Long-standing Formula One followers will remember well the summer of 2009. The teams were at war with the FIA over a proposed $60m cap on budgets and on the eve of the British Grand Prix they announced that they were starting a rival series. The risk disappeared after just five days and the teams soon signed the Concorde Agreement, the contract which commits them to racing in F1. It was widely understood to be an empty threat but an article in the American motoring magazine Autoweek by Pitpass' business editor Christian Sylt has lifted the lid on the turmoil behind the scenes. It was so great indeed that F1 nearly collapsed.
The revelation came from Donald Mackenzie (pictured with Bernie Ecclestone), co-founder and co-chairman of CVC, the private equity firm which is F1's largest shareholder. Giving evidence in a trial surrounding CVC's 2006 takeover of F1, Mackenzie last week told London's High Court that "what we found out, once we bought it, within weeks of signing a contract, was that actually it wasn't just money. It was emotion. It was years and years of built up anger and mistrust with the current shareholders and with the management of Formula One, which meant that the decisions that we were basing our investment on were really just part of the picture.
"And, yes, the teams do make these threats. But what shocked us is when we met them is how angry they were and how we realised, for the first time, that it was emotion, not just money, it was emotion that was driving their anger and therefore the outcome was wholly unpredictable. As I said to my colleagues internally at the time, these people are willing to burn down the business before our eyes just to prove the point."
The teams had the window of opportunity to leave F1 in 2009 as the previous Concorde had expired at the end of 2007. Their threat was averted when the FIA signed the Concorde after it let the teams self-police the cost cuts. It is a mechanism known as the Resource Restriction Agreement and it has arguably not served its purpose as several teams are now understood to be in financial difficulty.
Mackenzie said that, ironically, the teams claimed they were prepared to cut their budgets in order to minimise the costs of getting a rival series off the ground. "They revealed it to us when they actually started their break away all over again in 2009, when they said, when I challenged them saying that they couldn't afford it, they countered that by saying, 'We're going to slash our budgets and we're going to run it on a much skinnier cost because we are that determined to do it.'"

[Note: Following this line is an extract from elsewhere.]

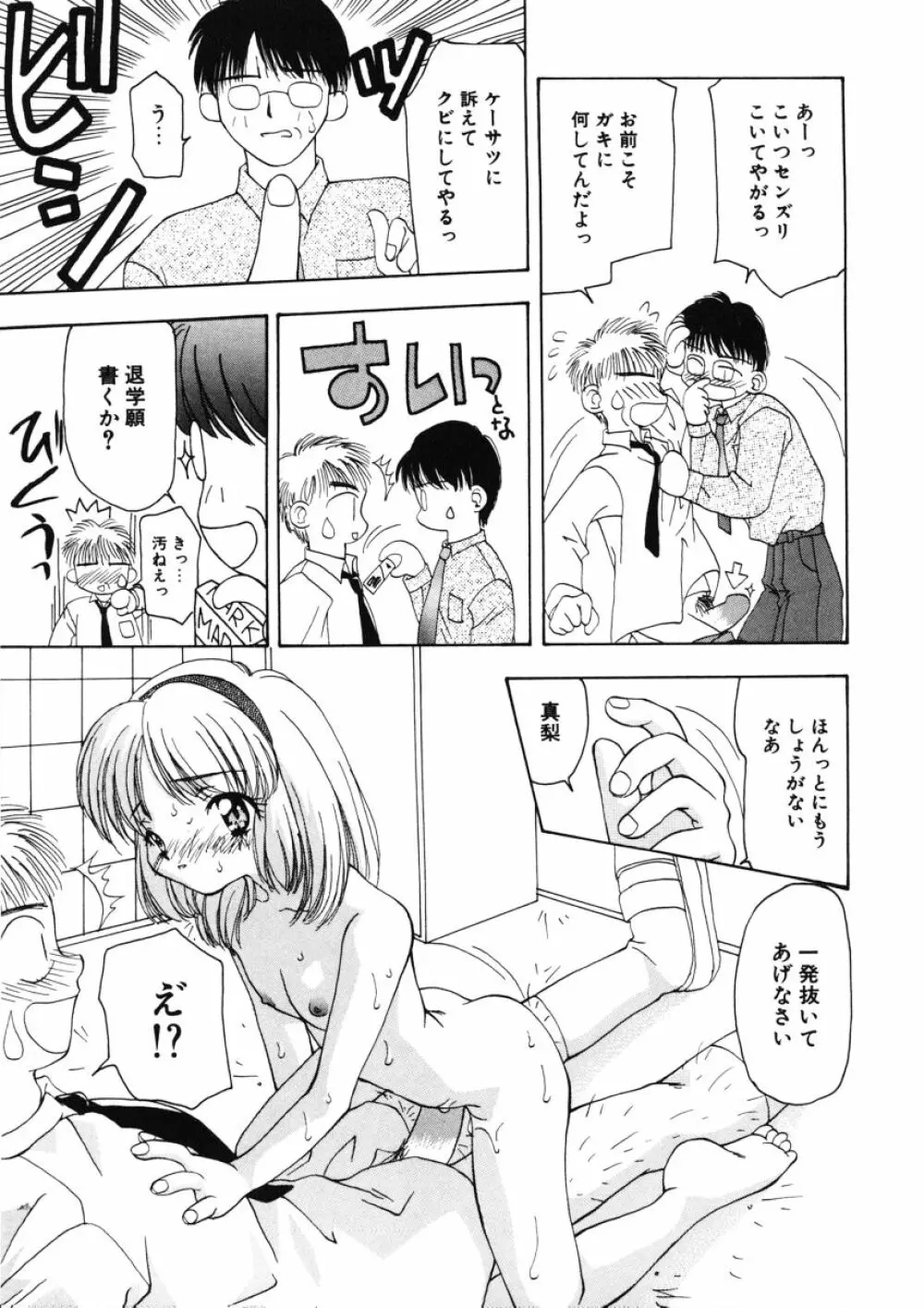 甘水桃 Page.95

Although the teams did an about-turn on their plans to start a rival series Mackenzie said in court that "there's no doubt in my mind they were prepared to wreck the current business and walk away from it, for emotional issues that were still being negotiated at the time."

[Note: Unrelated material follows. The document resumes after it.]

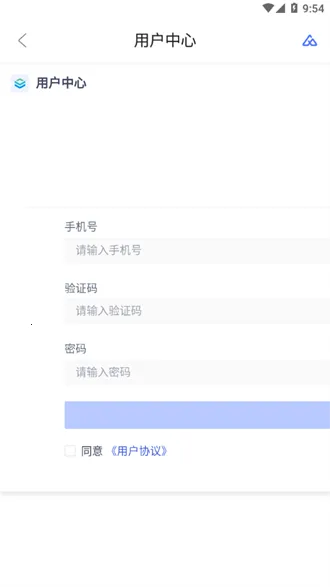 危化治安管家安卓版手机版 危化治安管家安卓版手机版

He said that when CVC bought F1 it "took it for granted" that the FIA would add its signature to the Concorde alongside its own and those of the teams. "We hadn't fully understood then that the new Concorde Agreement not only required the teams to sign, but it also required the FIA to sign. And that turned out to be extremely difficult... the negotiations with them turned out to be extremely difficult and very nearly led to the break-up of this company."
Mackenzie added that even though F1's boss Bernie Ecclestone had agreed the terms of a commercial profit share with the teams in a Memorandum of Understanding (MOU), FIA president Max Mosley "threatened" to go against this by withholding its signature from the Concorde. The contract requires the FIA's signature so if it had not given it the teams could have walked away from F1 at any time.

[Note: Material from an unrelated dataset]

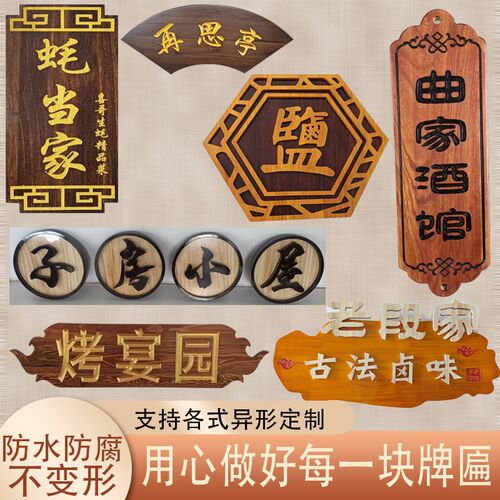 实木牌匾定做定制木雕木质弧形对联刻字匾额开业店铺仿古招牌门头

Mosley admits that the FIA was making this threat. He told Sylt that "in the summer of 2009 the FIA was indeed refusing to sign as it had been since before the previous Concorde expired... An obvious reason for not signing in 2009 was we wanted a mechanism to keep costs under control enforced by the FIA, whereas the big teams wanted to control costs among themselves. We thought that would be no control at all.
"We were interested in costs because we thought excessive cost could kill Formula One but also for sporting reasons. If a team has much greater financial resources, it's really no different to having a bigger engine. So we were indeed being difficult vis-a-vis CVC and refusing to sign because the teams would not agree to what we thought was necessary."
Mackenzie partly blames CVC itself for getting into this situation. In court he explained that before CVC bought into F1 his colleagues produced a preliminary investment review in September 2005 which "grossly understated the risk they were taking because they didn't understand it. We do now."
He added that "it was not simply agree the profit share and move on. That was a complete misjudgement on our behalf. It's a much more complex deal and it involves, above all else, a great deal of emotion and a lot of trust. And at that time emotions were running incredibly high and there was no trust with the current shareholders."
Mackenzie said that all CVC had to rely on was "a general agreement. A Memorandum of Understanding. A non-legally binding agreement to agreement. It was worthless. It gave us some emotional pleasure to tell the world that they were no longer fighting with us. But they didn't actually sign. And at the British Grand Prix in 2009 they declared to the world it was over, they were all leaving, including the people like BMW who had signed that letter. So, you know, it really was a misjudgement by us."